What you are asked to do :: Read the data below. Every line holding the string "Property" must be copied.
**** Task material
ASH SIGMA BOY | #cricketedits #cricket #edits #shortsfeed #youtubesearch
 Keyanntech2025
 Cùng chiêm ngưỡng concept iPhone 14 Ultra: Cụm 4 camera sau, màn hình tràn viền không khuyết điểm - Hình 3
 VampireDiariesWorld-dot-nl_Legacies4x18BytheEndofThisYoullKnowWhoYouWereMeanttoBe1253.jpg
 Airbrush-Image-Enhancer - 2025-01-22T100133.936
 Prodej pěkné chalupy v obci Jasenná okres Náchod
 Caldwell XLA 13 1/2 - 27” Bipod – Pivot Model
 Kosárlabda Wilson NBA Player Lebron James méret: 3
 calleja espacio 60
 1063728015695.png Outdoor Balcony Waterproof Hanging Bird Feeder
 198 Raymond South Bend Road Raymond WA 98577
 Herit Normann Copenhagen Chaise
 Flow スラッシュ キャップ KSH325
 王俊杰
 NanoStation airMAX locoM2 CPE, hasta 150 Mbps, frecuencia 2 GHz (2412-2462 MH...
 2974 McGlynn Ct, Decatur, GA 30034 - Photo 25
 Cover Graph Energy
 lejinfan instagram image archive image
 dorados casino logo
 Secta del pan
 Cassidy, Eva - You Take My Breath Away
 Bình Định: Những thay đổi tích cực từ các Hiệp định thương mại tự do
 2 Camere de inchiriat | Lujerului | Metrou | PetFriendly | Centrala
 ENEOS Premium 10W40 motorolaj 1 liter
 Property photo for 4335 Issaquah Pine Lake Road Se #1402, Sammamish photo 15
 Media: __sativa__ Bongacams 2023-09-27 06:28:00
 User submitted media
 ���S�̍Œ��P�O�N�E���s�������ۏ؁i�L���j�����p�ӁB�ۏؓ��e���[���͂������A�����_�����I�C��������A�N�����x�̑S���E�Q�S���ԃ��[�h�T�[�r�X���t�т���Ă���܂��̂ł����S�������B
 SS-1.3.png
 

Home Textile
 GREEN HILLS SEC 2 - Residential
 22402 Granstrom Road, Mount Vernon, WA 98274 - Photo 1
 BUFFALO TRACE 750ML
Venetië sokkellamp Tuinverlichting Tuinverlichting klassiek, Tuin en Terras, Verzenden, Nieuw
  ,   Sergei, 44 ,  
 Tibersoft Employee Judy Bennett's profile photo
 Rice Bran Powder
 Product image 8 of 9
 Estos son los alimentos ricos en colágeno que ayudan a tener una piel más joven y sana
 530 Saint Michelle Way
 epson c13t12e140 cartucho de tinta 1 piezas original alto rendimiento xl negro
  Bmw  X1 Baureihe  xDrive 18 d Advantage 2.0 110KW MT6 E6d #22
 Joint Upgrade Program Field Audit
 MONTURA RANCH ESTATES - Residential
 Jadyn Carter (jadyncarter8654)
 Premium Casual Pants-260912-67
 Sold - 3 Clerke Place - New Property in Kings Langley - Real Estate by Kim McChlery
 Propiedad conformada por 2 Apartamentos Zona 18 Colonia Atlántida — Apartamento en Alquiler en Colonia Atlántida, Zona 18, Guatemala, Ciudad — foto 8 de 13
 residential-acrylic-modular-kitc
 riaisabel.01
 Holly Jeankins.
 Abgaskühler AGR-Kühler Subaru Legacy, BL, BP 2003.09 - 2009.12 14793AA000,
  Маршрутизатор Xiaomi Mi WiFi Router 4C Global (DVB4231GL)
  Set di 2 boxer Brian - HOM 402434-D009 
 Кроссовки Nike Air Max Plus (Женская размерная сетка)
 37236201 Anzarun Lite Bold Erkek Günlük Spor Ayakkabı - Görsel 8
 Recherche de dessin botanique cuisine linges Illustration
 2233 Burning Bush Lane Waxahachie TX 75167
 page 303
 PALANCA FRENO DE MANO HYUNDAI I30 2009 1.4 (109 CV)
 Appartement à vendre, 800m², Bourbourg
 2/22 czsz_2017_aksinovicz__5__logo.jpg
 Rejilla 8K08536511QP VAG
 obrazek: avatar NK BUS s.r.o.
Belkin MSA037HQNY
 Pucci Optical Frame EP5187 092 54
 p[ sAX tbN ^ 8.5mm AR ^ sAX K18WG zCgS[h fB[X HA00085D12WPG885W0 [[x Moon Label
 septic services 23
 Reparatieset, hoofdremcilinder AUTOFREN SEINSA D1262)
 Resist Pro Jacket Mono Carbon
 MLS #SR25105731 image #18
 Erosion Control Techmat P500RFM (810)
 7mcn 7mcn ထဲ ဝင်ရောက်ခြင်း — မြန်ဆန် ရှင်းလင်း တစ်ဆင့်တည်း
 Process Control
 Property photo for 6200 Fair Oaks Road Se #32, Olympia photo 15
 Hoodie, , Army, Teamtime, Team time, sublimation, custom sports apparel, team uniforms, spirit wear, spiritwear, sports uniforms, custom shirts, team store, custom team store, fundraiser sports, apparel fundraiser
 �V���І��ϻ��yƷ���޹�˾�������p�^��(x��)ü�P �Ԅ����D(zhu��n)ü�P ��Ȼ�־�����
********
Result ::
 Property photo for 4335 Issaquah Pine Lake Road Se #1402, Sammamish photo 15
 Sold - 3 Clerke Place - New Property in Kings Langley - Real Estate by Kim McChlery
 Property photo for 6200 Fair Oaks Road Se #32, Olympia photo 15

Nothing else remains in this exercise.